▶ _Collected material_
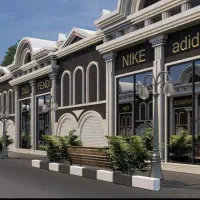 مغازه فروشی 100 متر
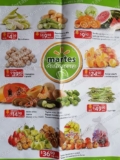 Ofertas Martes de Frescura Walmart 30 de abril 2019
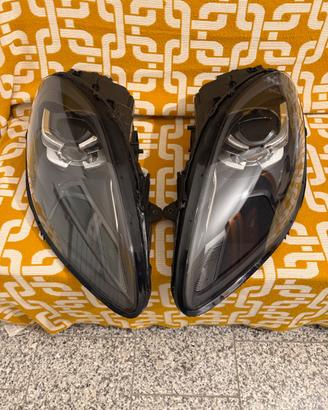Fari Full led Porsche Macan mod 2019 PDLS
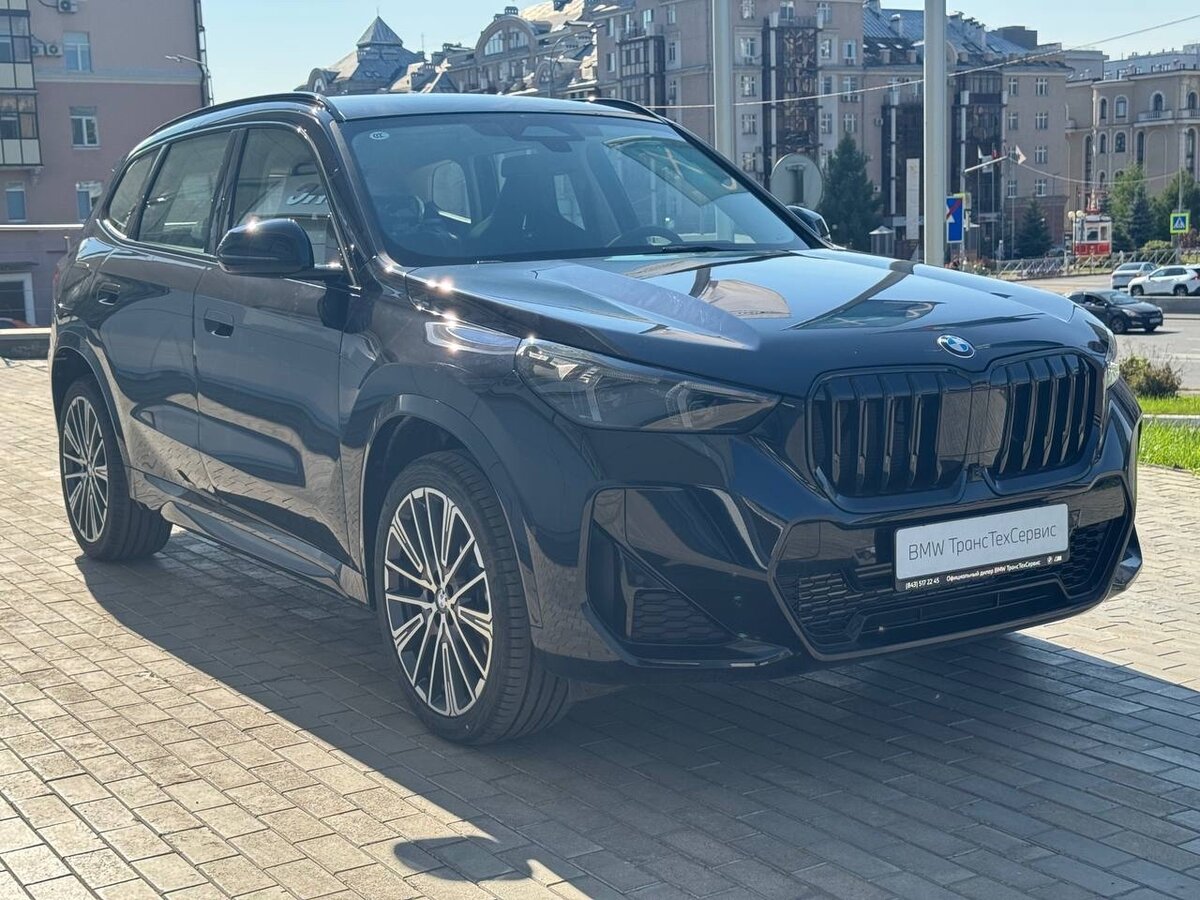 Открыть фотографии: BMW X1 III (U11/U12)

▶ _Exercise aim_
Return the listing above in an exact copy that leaves out the images.

▶ _Solution below_
 مغازه فروشی 100 متر
 Ofertas Martes de Frescura Walmart 30 de abril 2019
Fari Full led Porsche Macan mod 2019 PDLS
 Открыть фотографии: BMW X1 III (U11/U12)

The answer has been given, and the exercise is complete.